I’ve got some good news and I’ve got some bad news. Which do you want first?
We’ve all heard that before, but how much have you actually thought about the order? I never really gave it much thought until recently, but I can tell you now I wish I had.
Late last year I called a staff meeting. To start the meeting, I thanked the staff for all their hard work throughout the year and told them that in spite of the economy we had a good year thanks to their willingness to go above and beyond to advance the precast industry. I also told them it’s a pleasure to be working with such talented individuals, something I truly believe. The meeting was going great, but what I didn’t realize was my mistake was about to rear its ugly head.
You see, I also had to share with them that, due to the economy, it just wasn’t possible to give any raises for the upcoming year.
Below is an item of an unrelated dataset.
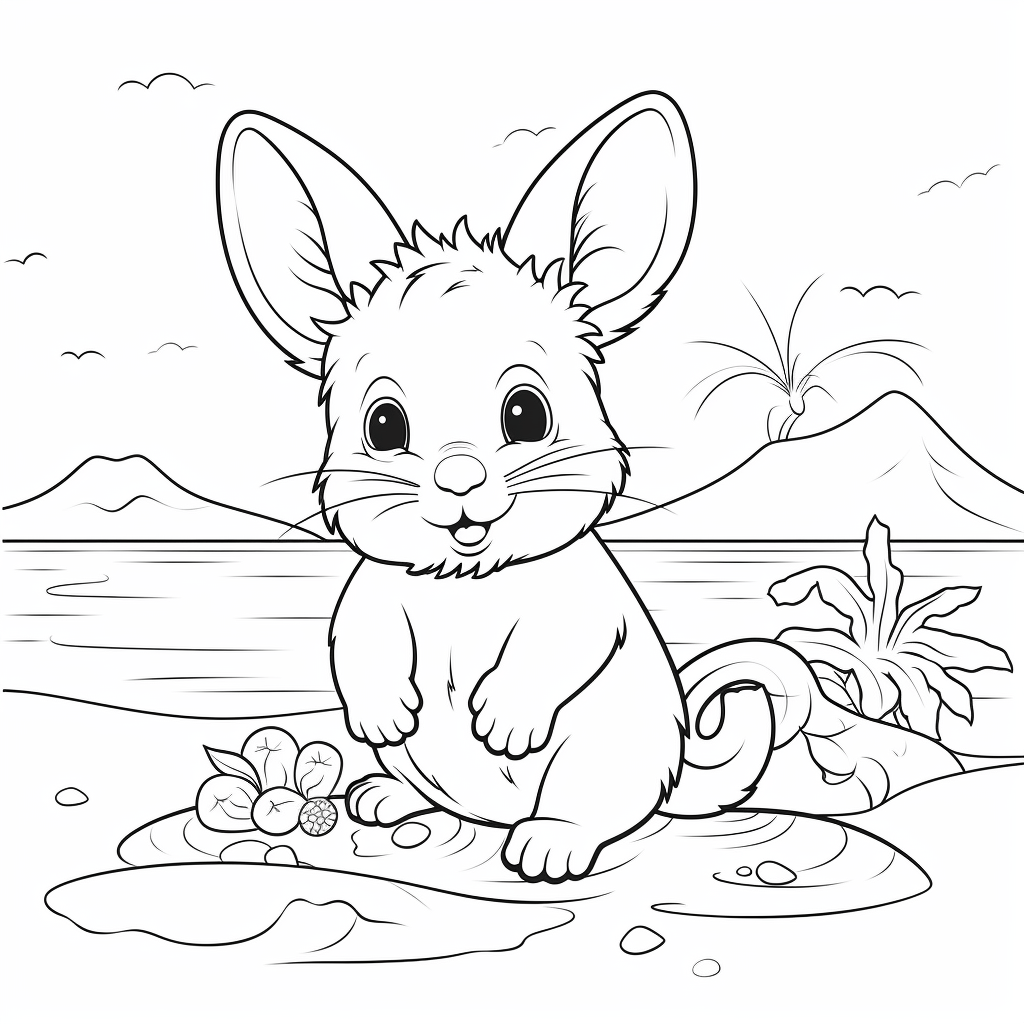 Chinchilla genießt Sandbad Ausmalbild und Malvorlage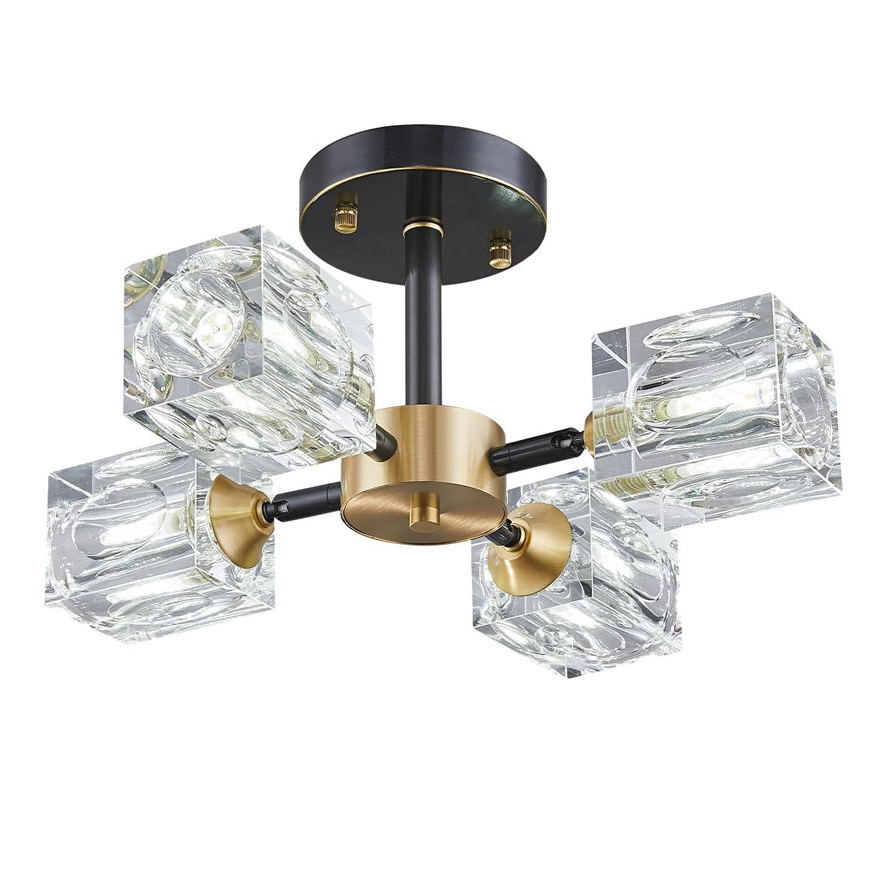 Modern Gold 4-Light Sputnik Ceiling Light Fixture - Black Flushmount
Problem is, I saved it until the very end. The minute I gave the bad news, I watched all the positive feelings I had built over the past 20 minutes go right out of the room like a balloon that had suddenly sprung a leak. Every single person in that room forgot all the positive things I had said up to that point, and instead walked out a little deflated. I knew immediately I had gone about it all wrong.
It wasn’t long after that meeting that I read a piece written by author and pastor Bill Hybels. The topic of this particular article was about the very situation I had just faced, having good and bad news, and he recommended always delivering the bad news first.
The point here is certainly not to hide the bad news. Your employees need to know the whole picture, and if you hide the bad news I can guarantee it will come back to bite you. Instead, communicate with them often, clearly, and honestly, and if you have both good and bad news to share, start low and build your way up from there. By leading with the bad and ending with the good, you can address the challenge right and then proceed with how you’re going to deal with it and achieve a solution in a positive and constructive manner. The meeting will end on a much higher note and your employees will leave feeling much better than if you had done the reverse.